An approach commonly known as governance, risk management, and compliance (GRC) has evolved to analyze risks and manage mitigation in alignment with business and compliance objectives. Governance ensures the business focuses on core activities, clarifies who in the organization has the authority to make decisions, determines accountability for actions and responsibility for outcomes, and addresses how expected performance will be evaluated. All of this happens within a clearly defined context that might span a division, the entire organization, or a specific set of cross-discipline functions.
Design of the governance process should be done after the organization has:
- Identified its desired outcomes
- Identified the organizational role responsible for attaining each outcome
- Identified the relevant metric(s) that indicate attainment of each goal
- Outlined the decision-making process for each goal
Risk management is a systematic process for identifying, analyzing, evaluating, remediating, and monitoring risk, as well as transferring risk to another party, avoiding the risk altogether, or assuming the risk with its potential consequences. Risk management should be a component of any adopted decision-making process. As a result of the risk management process, an organization or group might decide to mitigate a risk, transfer it to another party, or assume the risk along with its potential consequences.

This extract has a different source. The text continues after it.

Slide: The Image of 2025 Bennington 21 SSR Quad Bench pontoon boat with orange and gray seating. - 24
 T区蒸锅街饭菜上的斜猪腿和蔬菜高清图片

Compliance generally refers to actions that ensure behavior that complies with established rules as well as the provision of tools to verify that compliance. It encompasses compliance with laws as well as the enterprise’s own policies, which in turn can be based on best practices. Compliance requirements are not static, nor are they geographically homogenous. This mean effective compliance efforts must be both dynamic and adaptable to local or regional requirements. In cloud computing, this is especially critical when dealing with data protection and privacy.